##The problem Ride-sharing services, like Uber and Lyft are those services in which passengers ride in a private vehicle driven by the owner, for a fee or for free. The widespread adoption of ride-sharing services drastically changes how people get from place to place and as a result creates new policy challenges. Ride-sharing and transportation policy is made doubly difficult because private enterprises who own ride-sharing services inherently evade regulation.
The extent to which ride-sharing enterprises are obligated to share their data for the scrutiny and well-being of the public sphere is doubtful. Additionally, there is increased need to provide environmentally friendly, and economically efficient transportation services on the part of governments, as they have historically regulated transportation for safety and environmental reasons.

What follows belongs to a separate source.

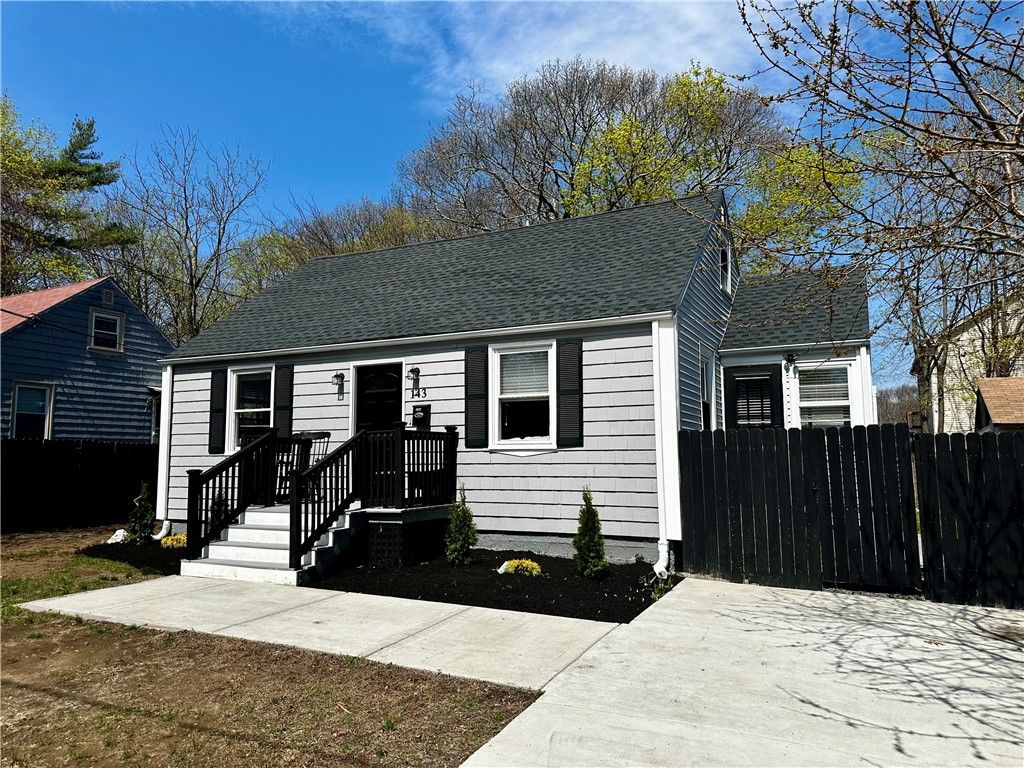 143 River Vue Avenue, Warwick, RI 02889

As technologies evolve and redefine services that were once primarily within government purview there will need to be data that can triangulated in order to make sound policy decisions. Thus, there is greater necessity for governments and society at large to creatively use data to assess the impact of transportation services both old and new in ways impossible during the pre-digital and pre-mobile era.
##The Solution While getting data from private enterprises, will be difficult for the foreseeable future, mobile and public transit data can shed light on transportation services, public and private alike.
Increasingly state and municipal governments are releasing data that show with granularity how transportations services are affecting our everyday lives. Open datasets that tell us the why, when, what, where of how people use public and private transport can make for more informed policy debates and decisions. Much debate has arisen over the societal impact of ride-sharing services such as Uber and Lyft. An intuitive argument is that ride-sharing, puts more cars on the road and thus, all things being equal, contributes to greater traffic.
Ben Wellington, computer scientist and visiting professor of city and regional planning at the Pratt Institute used open datasets of cab ride speeds as a proxy for measuring New York City traffic both before and after the monumental increase in ride-sharing services starting in 2014.
This simple temporal examination of taxi rides revealed that taxi speeds were increasing between 2011 to 2013 when ride-sharing services were coming into popular use and that the marked decrease in taxi speeds started well before substantial speed limit reductions in November of 2014. Moreover we find that the rate of decrease in taxi ride speeds lessens considerably in 2014 even though the use of ride-sharing services has approximately doubled.
Illustrating this study is not meant to make any claim as to ride-sharing’s impact, but rather to show how open data can test basic assumptions and reveal a level complexity that opposing sides of any policy debate would rather not subject themselves to.